Raising Fit Kids
I’ve been in the fitness industry for 20 years as a boxing coach, group fitness instructor, golf fitness coach, personal trainer, nutrition coach, and mental training coach. I love what I get to do with my life!
It fills me with so much joy to help people feel good, perform better and stay healthy. I often leave a client’s house with a giant smile on my face and it isn’t a rare occurrence to see me doing a happy dance or high-kicks when one of them reaches a goal or simply breaks a fitness barrier.
For all the places I’ve had an opportunity to make an difference, oddly enough, it wasn’t until I started training clients in-home that I really got excited. I never anticipated the impact I’d have on their children. The kids, as young as 3 years old, would see what their parents were doing and wanted to “play” too. It was fantastic.
The Kiddo Stories
Max started negotiating with his mom one day to get a few minutes of exercises and boxing with me. If he picked up his toys, he could come join us at the end. The adult sized boxing gloves went past his three year old elbows but he didn’t care, he was focused.
One day I knocked on a clients door and just as she opened it, her three-year-old Violet ran away crying. Not even in the house yet I said, “what just happened?” her Mom replied, “She’s upset because she doesn’t have her exercise clothes on yet.” My heart melted.
Ruby ran into the garage one day where I was training her mom and dad. She jumped on the BOSU ball and said, “Exercise Girla, watch me do this!” As she proceeded to bounce up and down swinging her arms in a spectacular fashion, I asked her parents, “did she just call me Exercise Girla?!” We laughed and again, my heart melted.
The best thing was, that I never suggested to these children that they should join us, we were just having fun during our workouts and they thought it was play time. Even when my clients were doing something challenging, their children witnessed their efforts and because of how my clients felt at the end, the kids just equated it to a good thing. Perfect!
I think we’d all agree that children need to get outside and play. They need to burn energy, run, jump, climb and do what comes naturally to their little bodies. But when it comes to exercise, you may be wondering what’s the right thing to teach them and at what age.

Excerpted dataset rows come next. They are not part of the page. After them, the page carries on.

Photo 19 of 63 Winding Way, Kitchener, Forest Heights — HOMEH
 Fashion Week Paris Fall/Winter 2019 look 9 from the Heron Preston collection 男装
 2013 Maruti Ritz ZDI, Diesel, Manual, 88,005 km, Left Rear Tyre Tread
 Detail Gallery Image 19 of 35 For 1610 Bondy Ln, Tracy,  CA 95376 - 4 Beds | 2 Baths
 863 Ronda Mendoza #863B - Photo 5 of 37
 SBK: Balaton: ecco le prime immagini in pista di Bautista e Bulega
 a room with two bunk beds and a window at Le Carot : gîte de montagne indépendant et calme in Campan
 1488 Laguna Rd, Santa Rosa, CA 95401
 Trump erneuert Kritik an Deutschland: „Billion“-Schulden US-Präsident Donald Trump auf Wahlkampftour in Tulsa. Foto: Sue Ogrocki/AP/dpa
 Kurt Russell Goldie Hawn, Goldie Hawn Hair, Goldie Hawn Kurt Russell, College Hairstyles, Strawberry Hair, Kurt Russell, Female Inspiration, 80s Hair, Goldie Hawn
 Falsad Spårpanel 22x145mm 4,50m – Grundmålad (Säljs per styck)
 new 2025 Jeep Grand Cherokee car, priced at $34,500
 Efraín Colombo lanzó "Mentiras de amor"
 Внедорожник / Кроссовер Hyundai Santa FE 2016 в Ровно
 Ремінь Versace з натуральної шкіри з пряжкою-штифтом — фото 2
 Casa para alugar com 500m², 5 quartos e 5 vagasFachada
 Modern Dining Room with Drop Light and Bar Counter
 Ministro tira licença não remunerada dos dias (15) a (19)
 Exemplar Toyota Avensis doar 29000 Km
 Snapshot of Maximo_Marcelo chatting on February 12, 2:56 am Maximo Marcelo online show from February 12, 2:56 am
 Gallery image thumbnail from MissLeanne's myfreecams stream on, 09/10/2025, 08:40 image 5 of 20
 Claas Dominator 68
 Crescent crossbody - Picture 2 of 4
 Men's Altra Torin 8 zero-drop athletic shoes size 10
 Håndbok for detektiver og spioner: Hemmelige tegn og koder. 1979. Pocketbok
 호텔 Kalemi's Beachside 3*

My approach to teaching little ones is to teach them what comes naturally at the time. Also things they are curious about, with fun names or references that make sense to them. Yoga, for example, is excellent for kids because they love the names like “downward dog” and “tree pose.” Bear crawls, crab crawls and burpees are also fun names they enjoy.
Yes, I said burpees. You’re in disbelief, I know, because nobody likes burpees. But kids do! I’m pretty sure it’s because of the fun name and while their little bodies are still so close to the ground, the movement is still fun. When they’re 6 feet tall, I’ll have to remind them they used to love it.
Ages 3 and 4
I start with basic movements like squats and yoga poses and then move into more coordination challenging moves like push-ups and jumping jacks…or what I call Pencil-Rocket Ship.
Squats are first because sitting in a chair is something they already know how to do. That’s a visual they can understand even at 3. I make it fun by saying that the chair is hot so we squat down and come back up before we touch the (imaginary) chair. We do 10 of those. I also introduce them to yoga by doing a “chair pose” and holding it at the bottom.
The next one is Jumping Jacks, but at 3 and 4 they don’t quite have the coordination down on their own yet. One day I was standing in front of 10 preschoolers, about to teach them jumping jacks when I came up with, “everybody stand like a pencil!” We all jumped to a straight position with our arms by our sides. “Now like a Rocket Ship!” Our legs spread out and our arms shot up together at the top, like bunches of rocket ships ready for blast off.
Then, “Pencil! Rocket ship! Pencil-Rocket Ship! Faster!” And then we were all doing jumping jacks. It’s the fun visual that helps them with body awareness.
The last one I teach them is Push-Ups. That may sound crazy, but for this exercise it comes down to what they see their parents doing. If you’re stretching, your curious kiddos are going to want to stretch. If you’re doing a tree pose in yoga, I guarantee they’re going to want to twist themselves into tree shape with you. So I didn’t plan on introducing children this young to my favorite upper body move, they actually asked to because they saw mommy and daddy doing it. Brilliant.
Push-ups are fun to watch too. At age 3 they don’t seem to have an awareness of their elbows yet, or at least how to use them in this movement. So no matter what I say they seem to keep their arms straight and their tiny hips go up and down.
Somewhere around age 4 they gain brain access to the elbow bend and then push-ups happen.